Exercise - Output the data below exactly.

Supplied material -
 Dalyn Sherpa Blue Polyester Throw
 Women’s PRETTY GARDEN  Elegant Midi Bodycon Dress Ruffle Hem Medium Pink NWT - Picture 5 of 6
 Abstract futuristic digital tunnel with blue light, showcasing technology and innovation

Your solution -
 Dalyn Sherpa Blue Polyester Throw
 Women’s PRETTY GARDEN  Elegant Midi Bodycon Dress Ruffle Hem Medium Pink NWT - Picture 5 of 6
 Abstract futuristic digital tunnel with blue light, showcasing technology and innovation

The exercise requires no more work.